Armenian Eye Care Project Offers Rewards To Its Patients, Volunteers

ARMENIAN EYE CARE PROJECT OFFERS REWARDS TO ITS PATIENTS, VOLUNTEERS
By John A. Hovanesian, MD

OSN SuperSite NJ
Cataract Surgery

Ocular Surgery News U.S. Edition September 15, 2007

Thanks, in part, to ophthalmologists’ efforts dating back to 1992,
the country boasts state-of-the-art technology and research today.
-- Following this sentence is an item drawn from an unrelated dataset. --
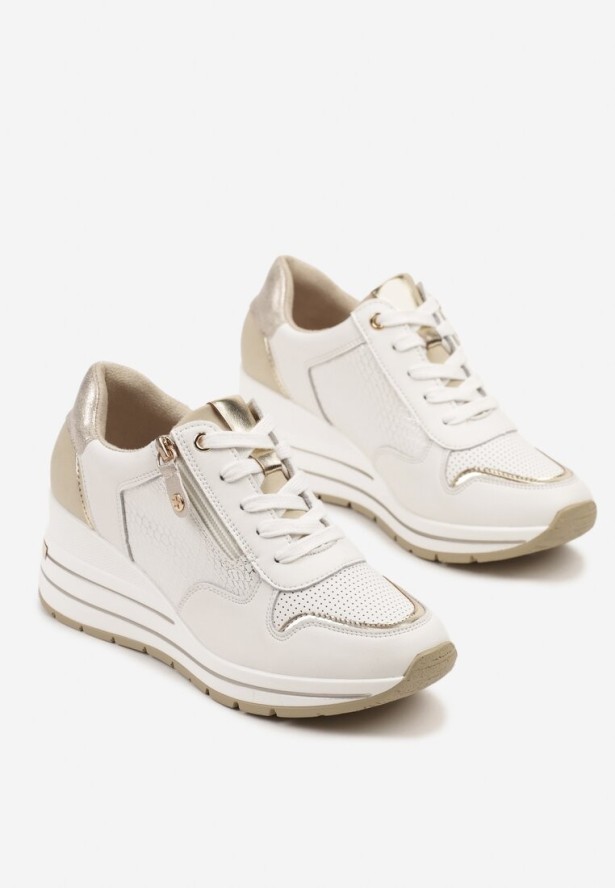 Białe Skórzane Sneakersy na Koturnie z Metalicznymi Zdobieniami i Suwakiem Jorivis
Why would a practicing ophthalmologist, at the last minute, delay
a family vacation and fly alone through 12 time zones to a country
where he had never been?

John A. Hovanesian – Photo

"Because I got a fax asking for help," said Roger Ohanesian, MD,
of Laguna Beach, Calif., the founder and president of the nonprofit
Armenian Eye Care Project (AECP).

The fax arrived in September 1992 from the foreign minister of the
then newly independent Republic of Armenia. It was sent to dozens of
U.S. physicians, asking for help in the fight against a "growing wave
of blindness" shortly after the Soviet Union collapsed in 1991. Within
2 days of a scheduled family vacation, Dr. Ohanesian gathered whatever
medical supplies he could and rescheduled his itinerary to instead
travel to the Caucasus region, while his wife and 12-year-old son flew
to London. Dr. Ohanesian had no idea that this would be the first of
30 trips to Armenia.

Bad old days

"Armenia is a country the size of Maryland that borders Iran, Turkey,
Azerbaijan and Georgia," Dr.

Ohanesian said. "In addition to the economic challenge of its new
independence, it had two other significant setbacks during this time:
a 7.2-magnitude earthquake in 1988 that destroyed most of Armenia’s
infrastructure and a war with neighboring Azerbaijan in the same
year that tapped its resources and touched off an epidemic of ocular
trauma."

"When we arrived on those trips in the early ’90s, people were
literally lined up for half a mile to see us," said Richard Hill, MD,
professor of ophthalmology at UC-Irvine, who has been to Armenia with
the AECP more than 20 times, each time traveling at his own expense,
as do all of the volunteer physicians. "Many of the slit lamps were of
an old Soviet style with horrible optics and nonfunctional bulbs. We
used penlights for illumination instead of the slit beam."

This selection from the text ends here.